RECORDAMOS AL MAESTRO:
Miguel Dávila

A Miguel Dávila desde hace ya más de una década le atraen los muros de la ciudad; pero sus actuales travesías urbanas son testimonio de otros sentimientos que los que manifiestan aquellos muros llenos de fragmentarias escrituras, sombras, signos y señales que hacen entrar y salir al espectador en una elocuencia que la actualiza acerca de un mundo de consignas ciudadanas.

Ahora cada obra pareciera guardarse cuidadosamente de cualquier estridencia para proponer un silencio jeroglífico, como si el hermetismo se hubiera apoderado de las escenas que, más que una descripción realista, parecieran la organización de un ensueño que, mediante deliberados montajes, superpone cifras y claves de sus actuales travesías urbanas.

No caben dudas que en esta nueva producción de Dávila, abstracción y figuración siguen presentes como en casi todas sus etapas; pero aquí es notable la deliberada planimetría que pareciera rechazar cualquier perspectiva o espacio virtual. Sólo algunas notas puntuales de las arquitecturas o las fantasmáticas presencias de lo humano, nos alejan de las sensibles geometrías presentes en todas sus obras.

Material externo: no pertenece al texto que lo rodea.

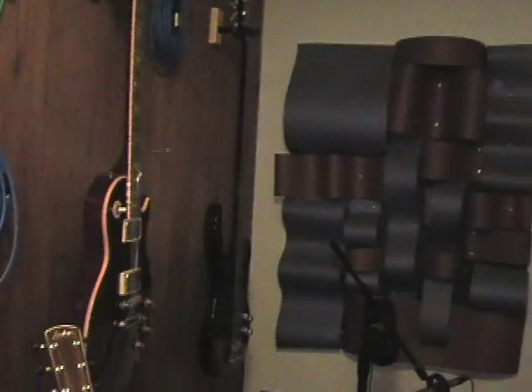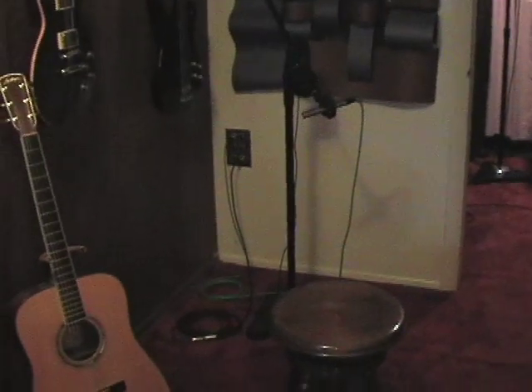As we turn around from the mix position, we notice many things on the walls, including acoustic treatment, cables, and guitars. Here we have a nice little recording area, accessible to the engineer or an additional musician.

Ocurre que el artista convoca en el plano multidireccional de su mirada, que por fin sintetiza sus recorridos en la impecable organización de estas pinturas; lo que permanentemente captamos es una sutil burla de lo empírico pues solo en unas pocas obras lo real aparece contundente; en la mayoría se trata de la traducción de los tránsitos y resonancias que viven en su memoria.

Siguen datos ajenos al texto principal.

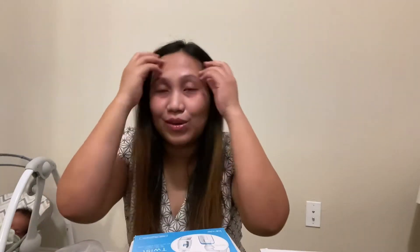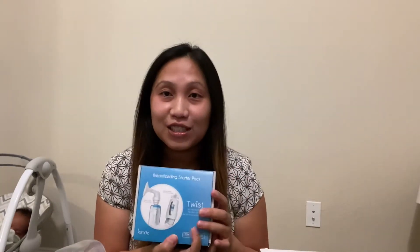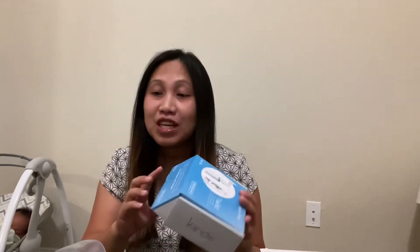Remember when I did the unboxing of my breast pump? Along with the breast pump, I ordered the Kiinde system for milk storage bags. So here's the starter pack that was included in that box as well. I'm going to open it and show you guys what's inside.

Y si a esta traducción memoriosa que ya de por sí solo guarda aquello acaso entrañable para el artista, le agregamos el apastelado tratamiento de la pintura presente en casi todas sus obras, debemos concluir que Miguel Dávila ha sabido eliminar todo lo contingente para crear un clima que trastoca el presente en una imponderable lejanía.